The author’s sixth novel, released last May, was named one of five Newbery Honor books, the American Library Association announced on Monday, January 25.
“I got the call last night that WE DREAM OF SPACE won a Newbery Honor,” Kelly wrote in an Instagram post on Monday, sharing how she was notified of the honor after initially thinking it was a spam message. “I cried and called my agent @saraagent and then I poured a glass of whisky and drank it.”
Tae Keller’s “When You Trap A Tiger” garnered the 2020 John Newbery Medal. Kelly previously won the prestigious award in 2018 for “Hello, Universe,” which will be adapted into a live-action movie by Netflix.
“We Dream of Space” brings readers into the lives of the Nelson-Thomas siblings, 12-year-old twins Bird and Fitch and their older brother Cash, and the weeks leading up to the Challenger launch.

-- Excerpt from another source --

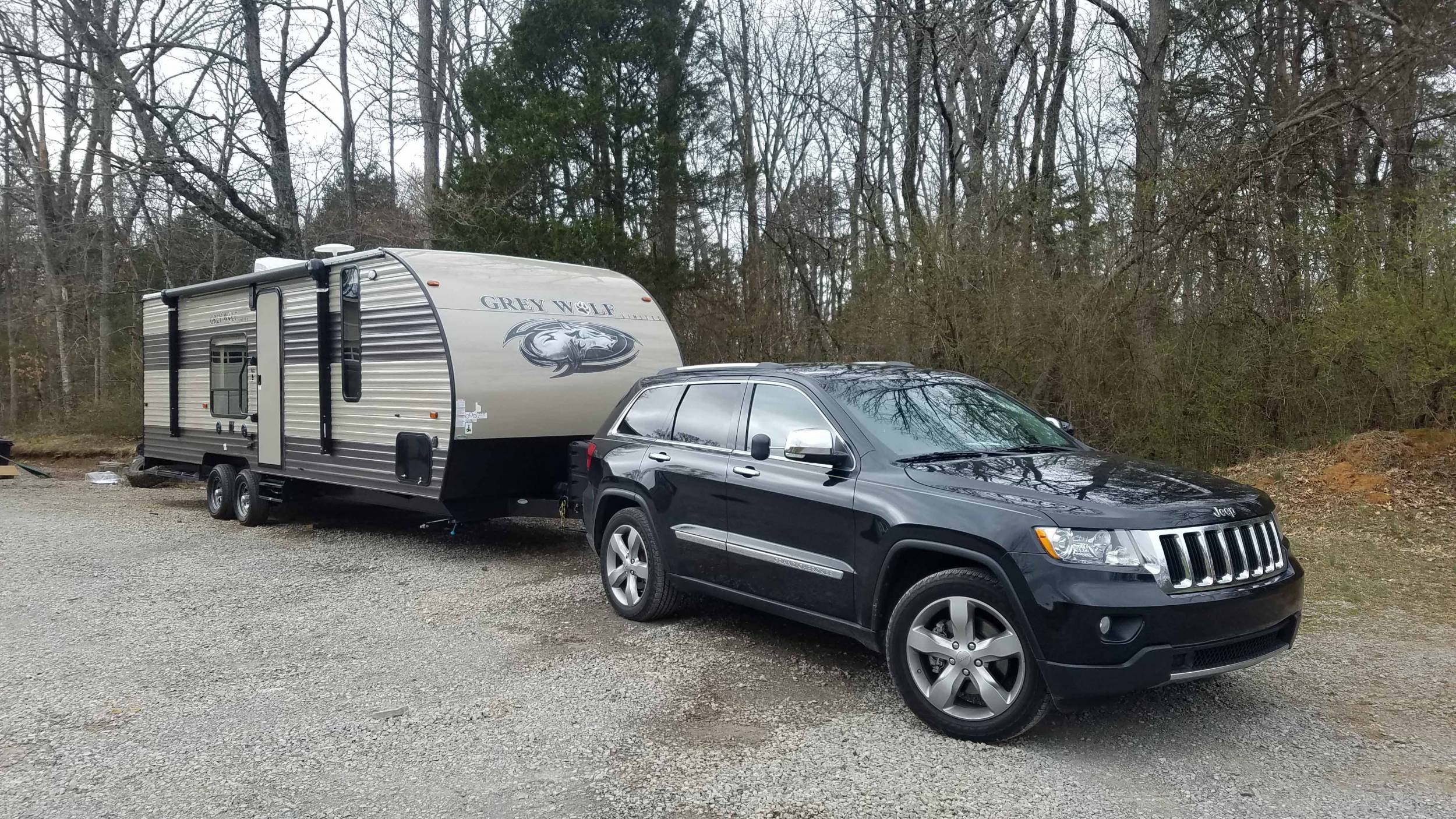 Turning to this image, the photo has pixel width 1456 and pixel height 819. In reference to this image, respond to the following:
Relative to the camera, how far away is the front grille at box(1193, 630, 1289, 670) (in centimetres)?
419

— HarperKids (@HarperChildrens) January 25, 2021
Along the way, Bird’s dreams of being NASA’s first female shuttle commander and the dynamics of this middle-class family in Delaware are detailed. Readers also get introduced to their science teacher Ms. Salonga and see the recurring themes, such as loneliness, found in Kelly’s work.
“This book explores a non-ideal family situation — it’s not that the parents don’t love their children, but they’re caught up in their own toxic dynamic that’s permeating the rest of the family. It was important so that young people who are in that kind of family can see their dynamic on the page. My hope is that families can use it as a jumping-off point to talk about family dynamics and other things mentioned,” Kelly told the Asian Journal in a May 2020 interview.
In addition to Kelly’s novel, “All Thirteen: The Incredible Cave Rescue of the Thai Boys’ Soccer Team” and “A Wish in the Dark” by Christina Soontornvat, “Box: Henry Brown Mails Himself to Freedom” by Carole Boston Weatherford, and “Fighting Words” by Kimberly Brubaker Bradley were named Newbery honor books.
Kelly — who was born in Lake Charles, Louisiana to a Filipina mother from Cebu and a white father — previously had a journalism career, and is now a full-time author based in Delaware.
This May, she is expected to release “Maybe Maybe Marisol Rainey,” a novel about summer, friendship and overcoming fears, which she also illustrated. The title character, Marisol, mirrors Kelly’s background with a mother from the Philippines.
“I know the landscape for not just Filipino authors, but people from all kinds of marginalized groups, has opened up and will continue to do so because literature needs to reflect our entire society. That’s what our world and bookshelves should look like,” Kelly said.